**Exercise aim**
When you reach the line with "Pre Owned Roberto", start repeating the lines exactly and keep going to the end of the records, but drop every picture.

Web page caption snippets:
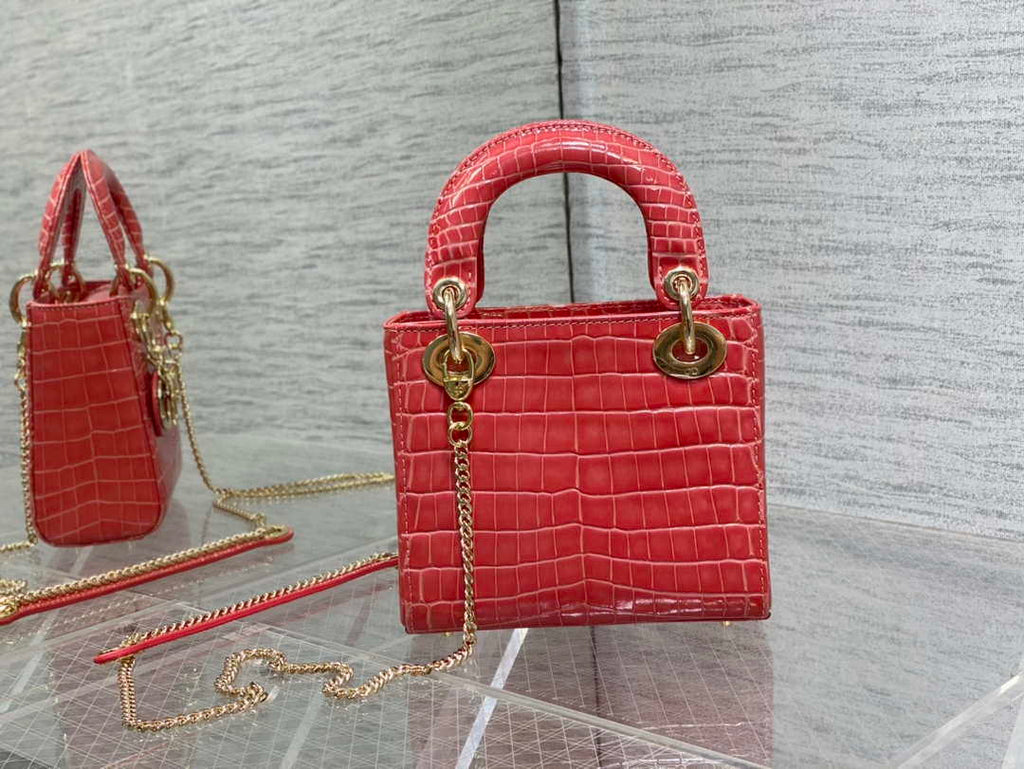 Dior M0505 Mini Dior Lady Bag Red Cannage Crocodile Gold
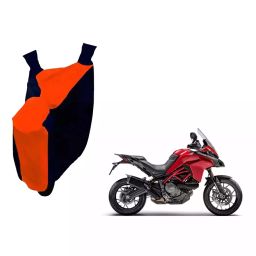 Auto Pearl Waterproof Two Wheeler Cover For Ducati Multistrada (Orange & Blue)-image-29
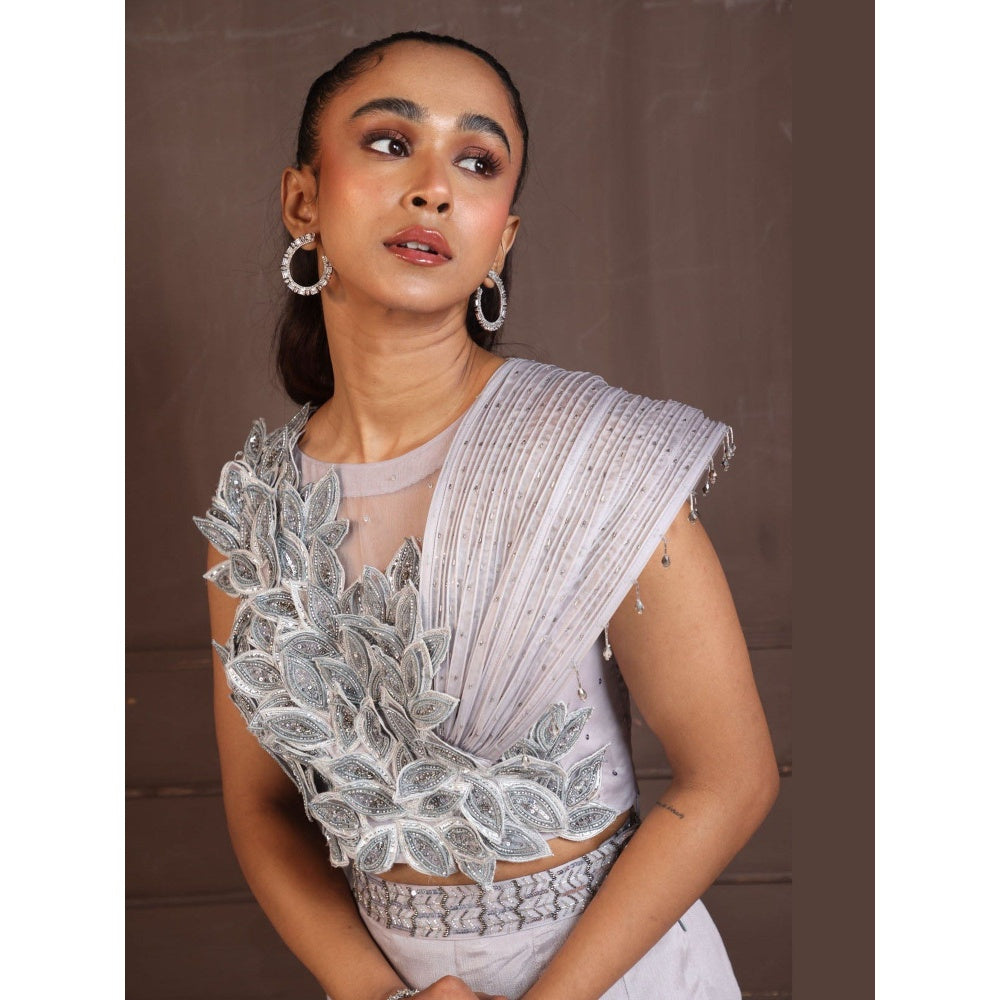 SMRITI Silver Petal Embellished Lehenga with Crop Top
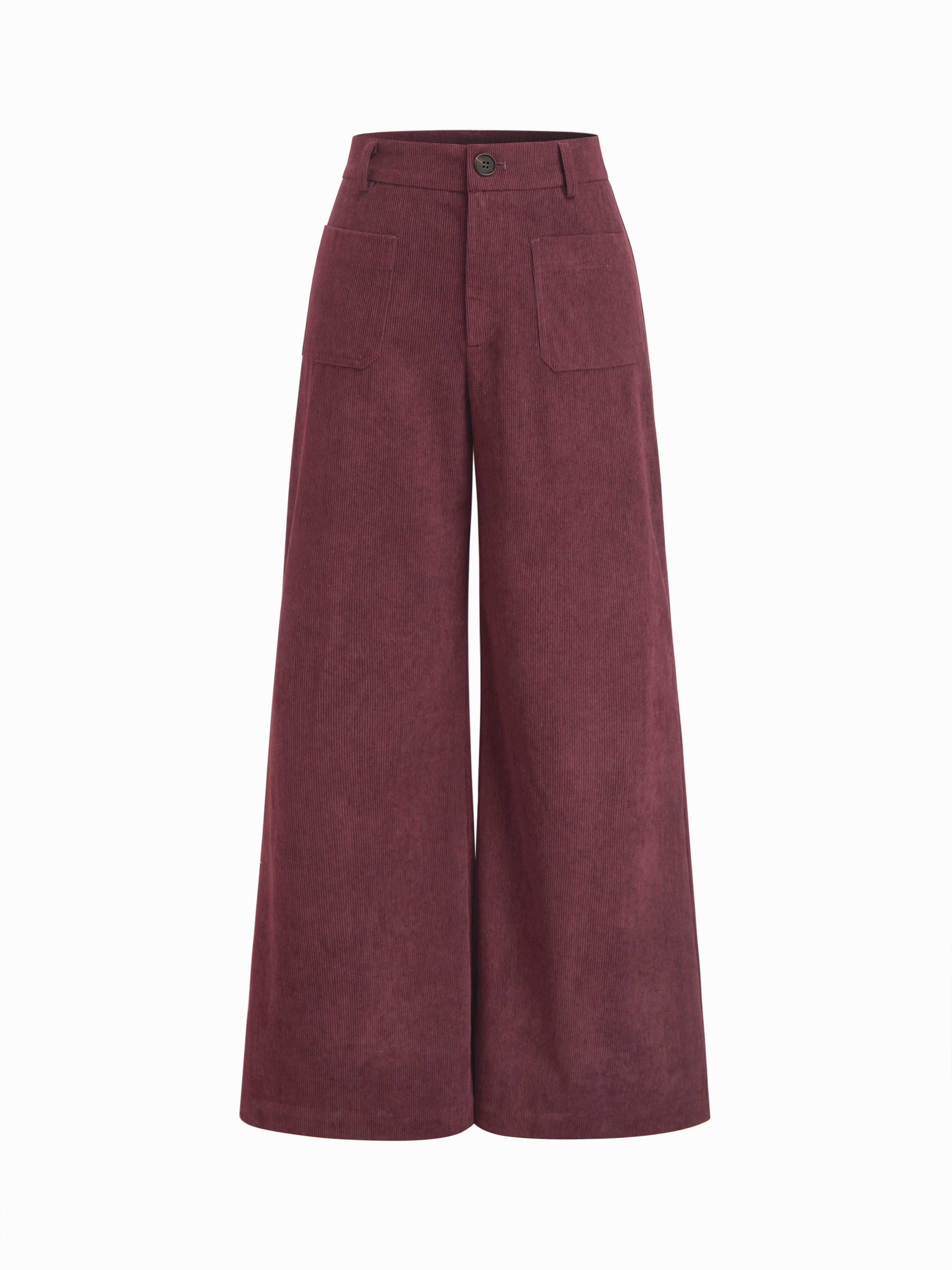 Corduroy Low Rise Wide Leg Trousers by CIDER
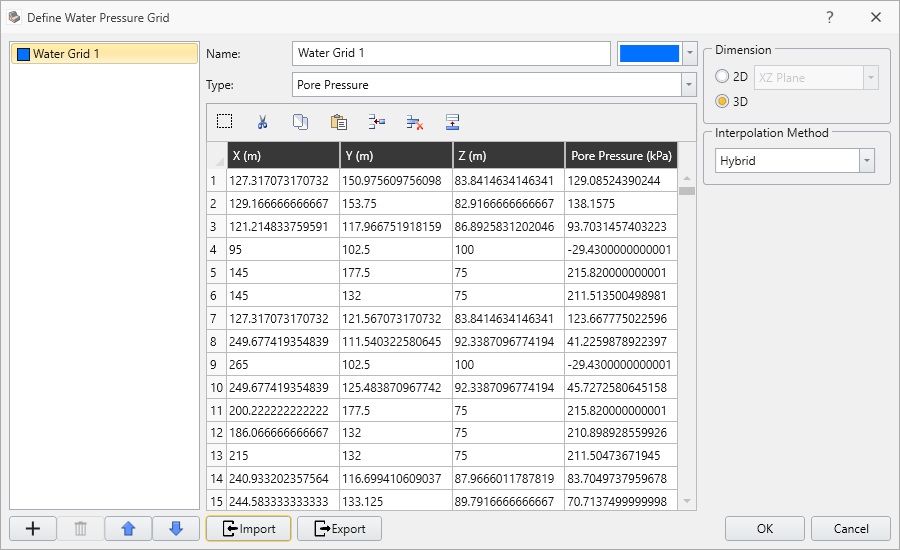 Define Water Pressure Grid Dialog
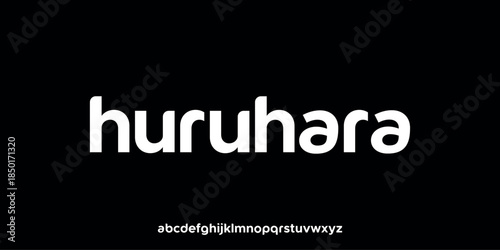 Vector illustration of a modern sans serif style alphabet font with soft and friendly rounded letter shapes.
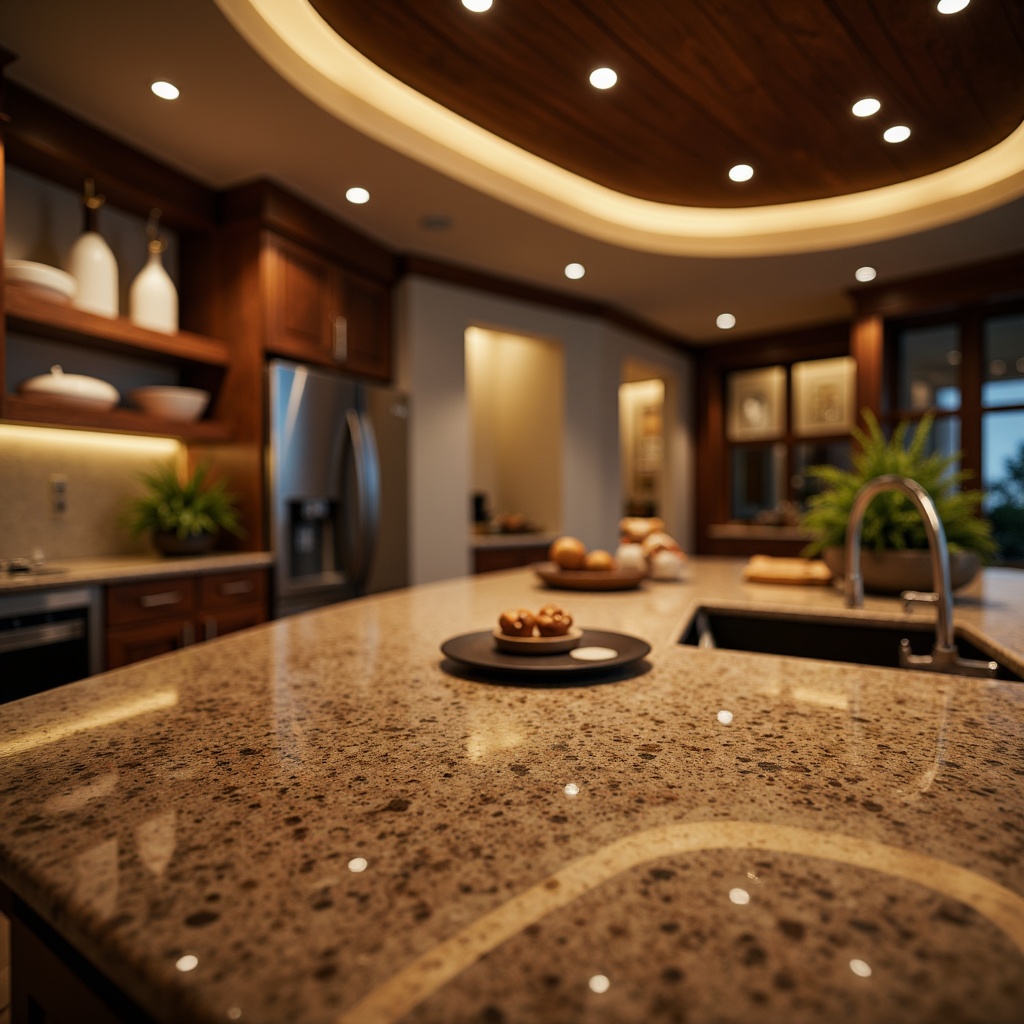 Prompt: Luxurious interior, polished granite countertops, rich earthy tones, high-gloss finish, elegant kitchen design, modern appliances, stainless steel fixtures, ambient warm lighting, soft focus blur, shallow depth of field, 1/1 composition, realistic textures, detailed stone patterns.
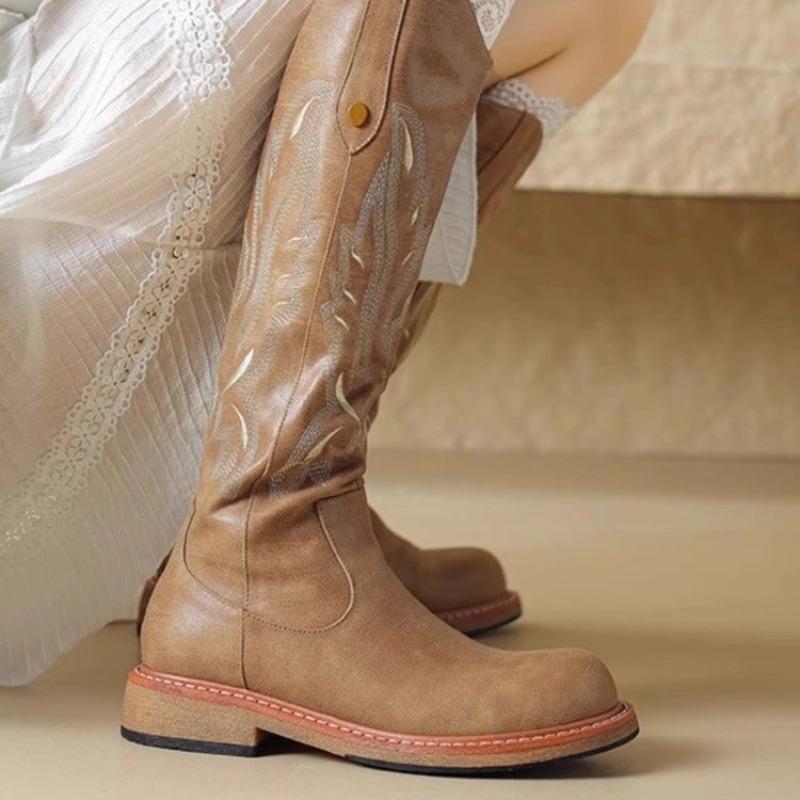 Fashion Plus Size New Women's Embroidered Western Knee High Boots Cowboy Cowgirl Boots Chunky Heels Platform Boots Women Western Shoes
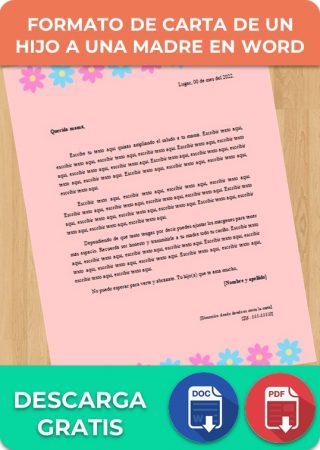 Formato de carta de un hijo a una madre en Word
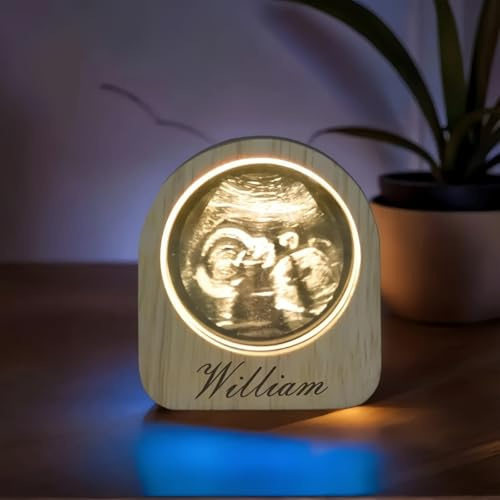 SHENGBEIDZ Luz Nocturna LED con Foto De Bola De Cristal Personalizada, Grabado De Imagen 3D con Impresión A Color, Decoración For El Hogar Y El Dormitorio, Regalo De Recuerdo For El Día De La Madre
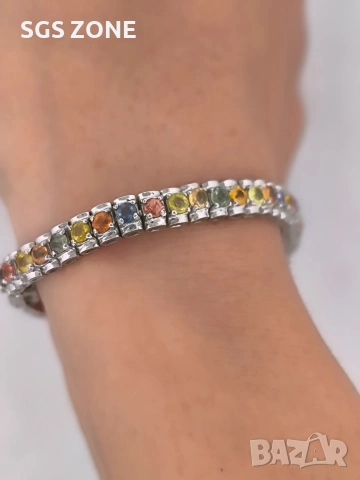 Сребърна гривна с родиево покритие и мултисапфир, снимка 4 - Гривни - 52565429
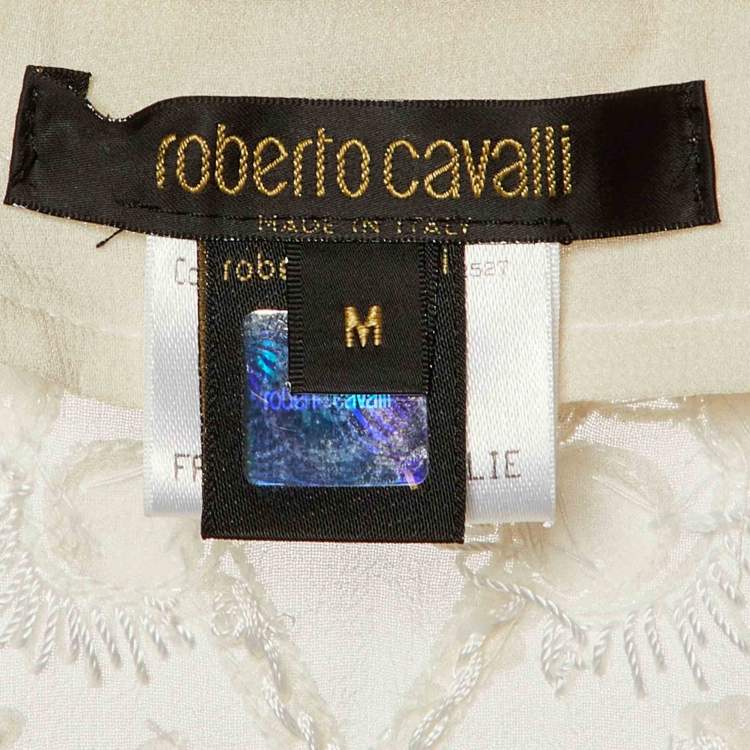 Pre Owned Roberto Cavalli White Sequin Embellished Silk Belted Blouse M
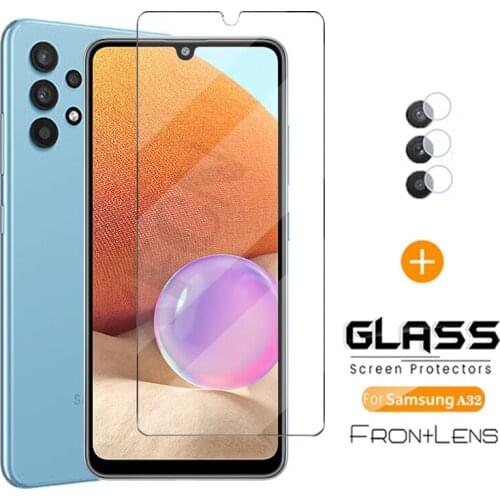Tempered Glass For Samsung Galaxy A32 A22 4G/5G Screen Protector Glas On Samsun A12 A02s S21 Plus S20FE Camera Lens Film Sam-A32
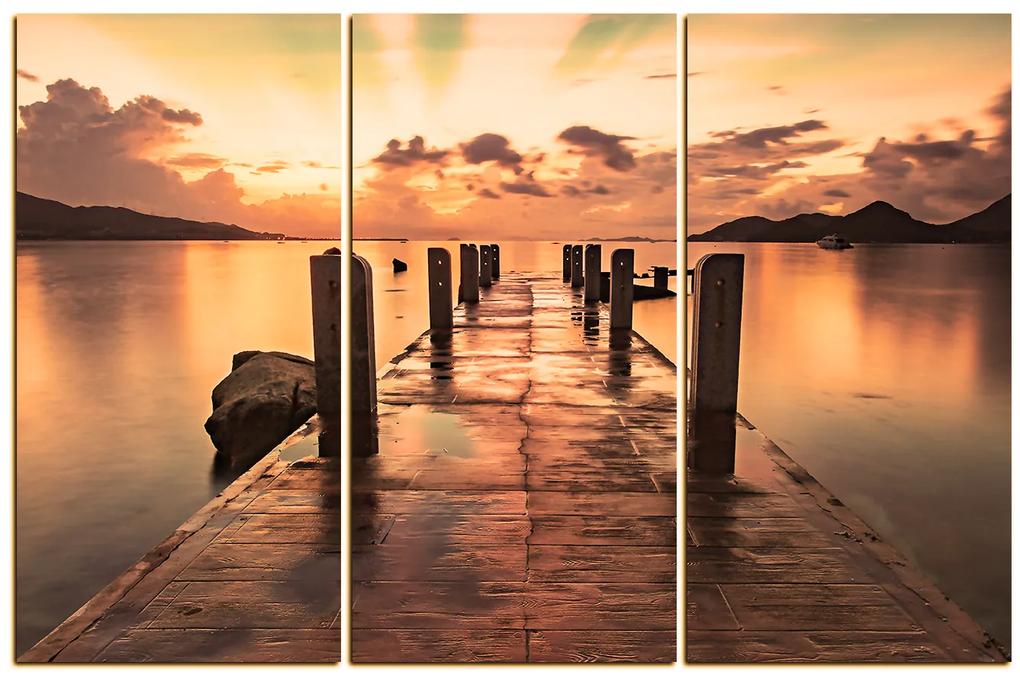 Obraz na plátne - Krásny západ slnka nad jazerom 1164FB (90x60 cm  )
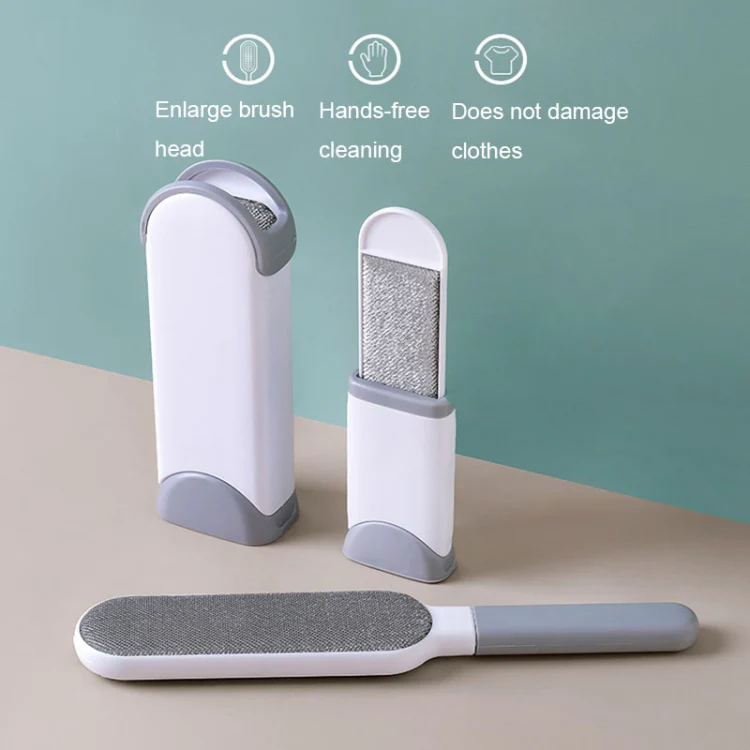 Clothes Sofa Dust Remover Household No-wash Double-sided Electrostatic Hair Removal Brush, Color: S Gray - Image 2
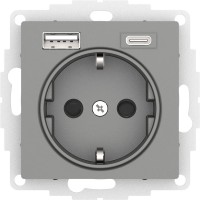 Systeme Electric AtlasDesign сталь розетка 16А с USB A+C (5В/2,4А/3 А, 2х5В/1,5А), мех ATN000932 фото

**Output of the task**
 Pre Owned Roberto Cavalli White Sequin Embellished Silk Belted Blouse M
Tempered Glass For Samsung Galaxy A32 A22 4G/5G Screen Protector Glas On Samsun A12 A02s S21 Plus S20FE Camera Lens Film Sam-A32
 Obraz na plátne - Krásny západ slnka nad jazerom 1164FB (90x60 cm  )
 Clothes Sofa Dust Remover Household No-wash Double-sided Electrostatic Hair Removal Brush, Color: S Gray - Image 2
 Systeme Electric AtlasDesign сталь розетка 16А с USB A+C (5В/2,4А/3 А, 2х5В/1,5А), мех ATN000932 фото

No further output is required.